Jim Cullen, Review of John Marsh’s Class Dismissed: Why We Can’t Teach or Learn Our Way out of Inequality (Monthly Review Press, 2011)

SOURCE: Special to HNN (9-4-11)

[Jim Cullen, who teaches at the Ethical Culture Fieldston School in New York, is a book review editor at HNN. He is the author of The American Dream: A Short History of an Idea that Shaped a Nation (Oxford, 2003), among other books. He is also the author of the recently published Kindle Single e-book President Hanks. Cullen blogs at American History Now.]

In general, college professors are not particularly well-regarded as political analysts (the noun “academic” is a term of unvarnished contempt in precincts like FOX news). But there is a special circle of irrelevance reserved for English professors, who are not typically known for their quantitative acumen — or, for that matter, their ability to write in a language the rest of us understand. So it was with some trepidation that I picked up this book by John Marsh, who teaches at the University of Illinois at Champagne-Urbana. Amazingly, I encountered a work of deft econometrics. Even more amazing, it’s clear, lively, and realistic.

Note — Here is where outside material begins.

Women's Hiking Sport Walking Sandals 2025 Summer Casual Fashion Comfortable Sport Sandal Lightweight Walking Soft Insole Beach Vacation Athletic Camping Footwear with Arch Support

What might seem most amazing of all is that Marsh makes an argument which, particularly coming from this first-generation college-educated son and grandson of steelworkers, is deeply counter-intuitive. Which is that as weapon against poverty, education is overrated. As he demonstrates at the outset, this article of faith has become so canonical on the Left no less than the Right that it has crowded out every alternative way of thinking about addressing an inequality problem in the United States that is now widely acknowledged, even accepted. That doesn’t stop Marsh from concisely documenting it, with great care in grappling with counter-evidence as well as counter-arguments.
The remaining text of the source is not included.